MATERIALS PROVIDED>
== Segment start ==
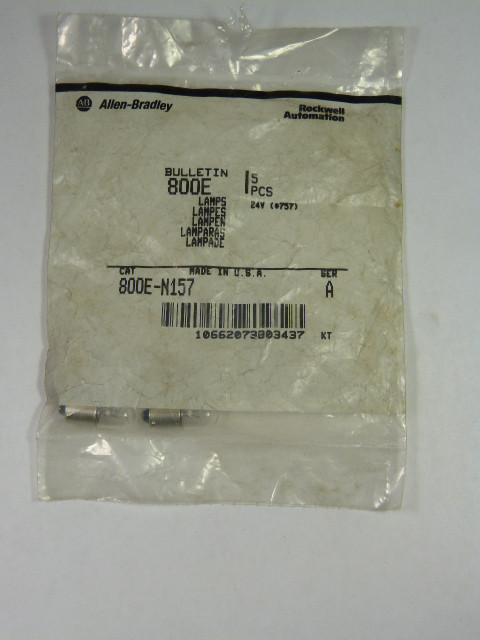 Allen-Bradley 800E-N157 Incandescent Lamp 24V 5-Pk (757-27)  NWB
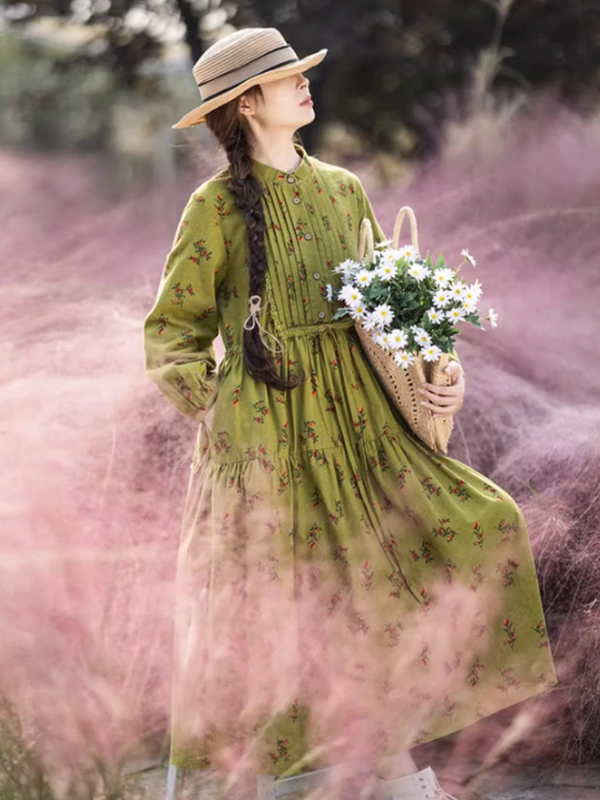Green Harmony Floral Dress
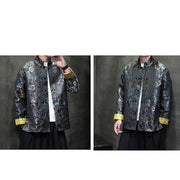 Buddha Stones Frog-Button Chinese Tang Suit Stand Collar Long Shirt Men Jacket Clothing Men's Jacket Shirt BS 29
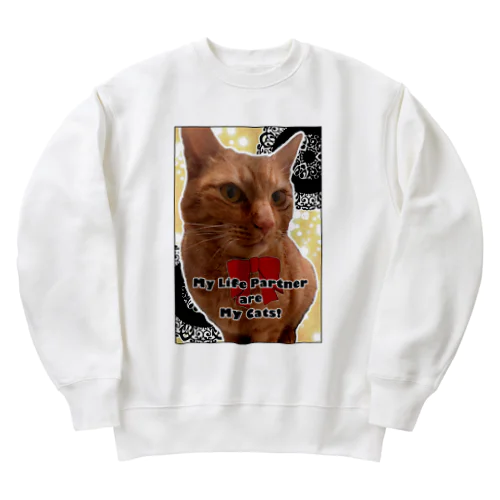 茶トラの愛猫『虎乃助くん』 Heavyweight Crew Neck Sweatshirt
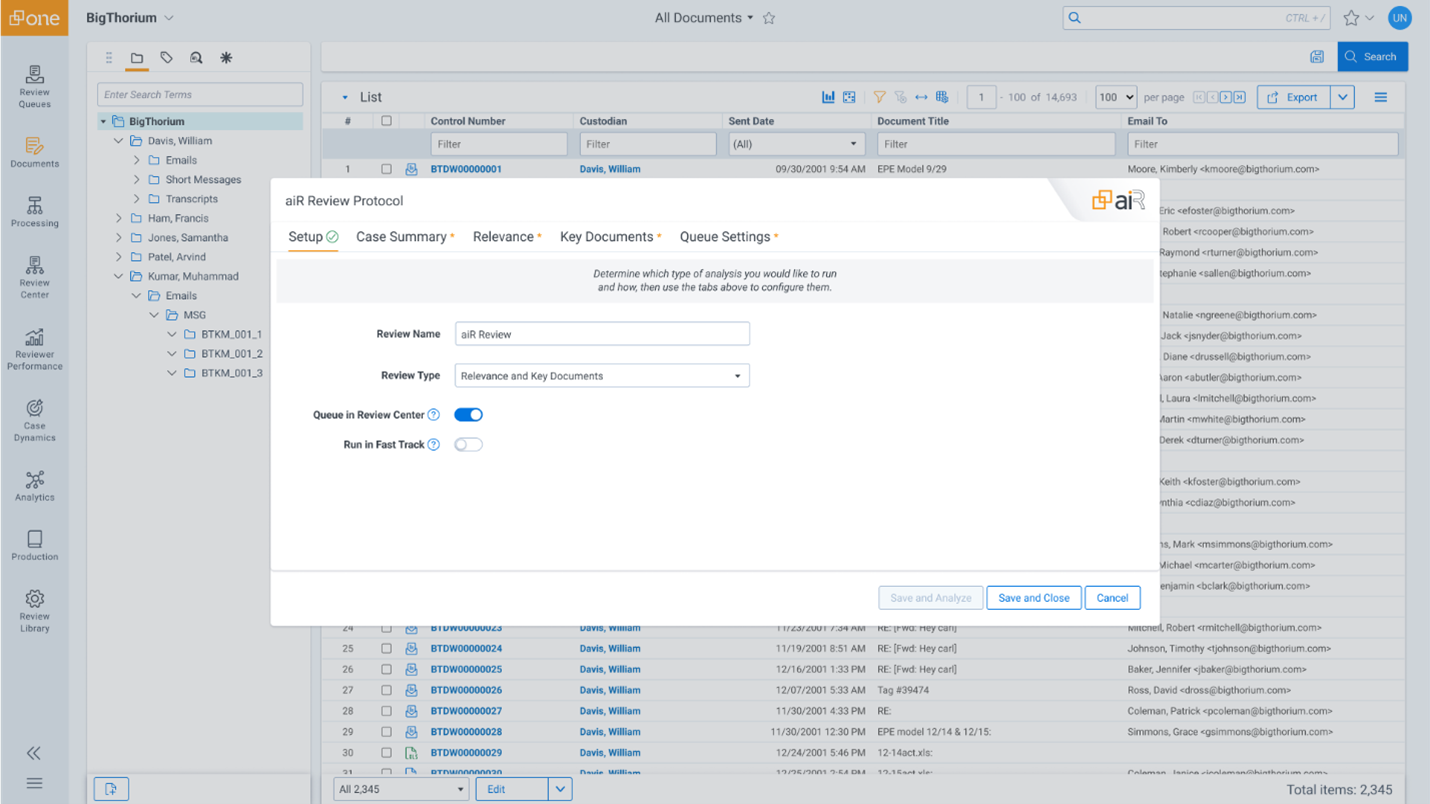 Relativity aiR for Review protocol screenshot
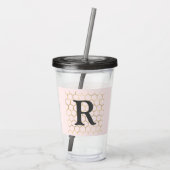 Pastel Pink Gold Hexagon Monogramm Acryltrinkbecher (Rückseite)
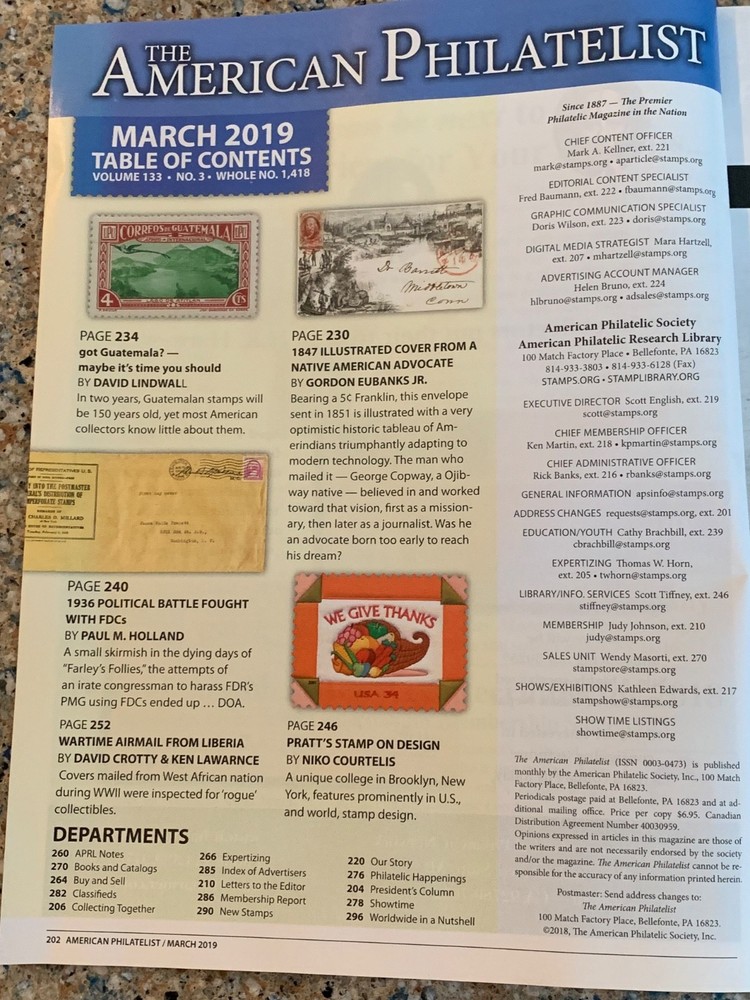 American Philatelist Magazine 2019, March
== Segment end ==
== Segment start ==
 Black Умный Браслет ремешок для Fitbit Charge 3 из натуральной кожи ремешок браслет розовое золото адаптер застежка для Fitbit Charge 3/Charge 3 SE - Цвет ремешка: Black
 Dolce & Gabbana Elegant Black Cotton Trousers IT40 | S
== Segment end ==
From the line containing "Allen-Bradley 800E-N157 Incandescent" through the line containing "Pastel Pink Gold", copy every line above exactly, without pictures.

WRITTEN REPLY>
 Allen-Bradley 800E-N157 Incandescent Lamp 24V 5-Pk (757-27)  NWB
Green Harmony Floral Dress
 Buddha Stones Frog-Button Chinese Tang Suit Stand Collar Long Shirt Men Jacket Clothing Men's Jacket Shirt BS 29
 茶トラの愛猫『虎乃助くん』 Heavyweight Crew Neck Sweatshirt
 Relativity aiR for Review protocol screenshot
 Pastel Pink Gold Hexagon Monogramm Acryltrinkbecher (Rückseite)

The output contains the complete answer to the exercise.